As for the future? "I want to develop the Sport Business Research Centre here at Coventry. We're launching a masters degree in sport, and I want us to undertake applied research as well as develop our consultancy role and training provisions. I want the centre to be the hub of a network to further advance the study of sport.

"I want to be perceived as a leader in my field; someone people refer to when they need help."

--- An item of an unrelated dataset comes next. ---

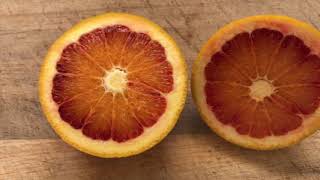 Tarocco Blood orange harvest 4K Grown in the UK flower to fruit UKCitrus Bloodoranges [upl. by Eimac]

And he gets to spend a lot of time watching high-class sport. "It's a very nice fringe benefit," Professor Chadwick admits.

I GRADUATED FROM
Leicester Polytechnic (BA in economics,1987), De Montfort University (masters in corporate strategy, 1995) and Leeds University (PhD, 2004)

MY FIRST JOB
was personnel manager at North East Breweries during a time of great industrial conflict. I didn't enjoy it

MY MAIN CHALLENGE
is to make academics and practitioners realise that the professional management of sport is important

WHAT I HATE MOST
is talking about the Middlesbrough FC result on a Monday when we have lost.

IN TEN YEARS
I want to be working at a senior strategic level with an international organisation such as Uefa or Fifa

MY FAVOURITE JOKE
A man walks into a butcher's shop and asks: "Have you got a sheep's head?"

The butcher replies: "No, it's just the way I part my hair."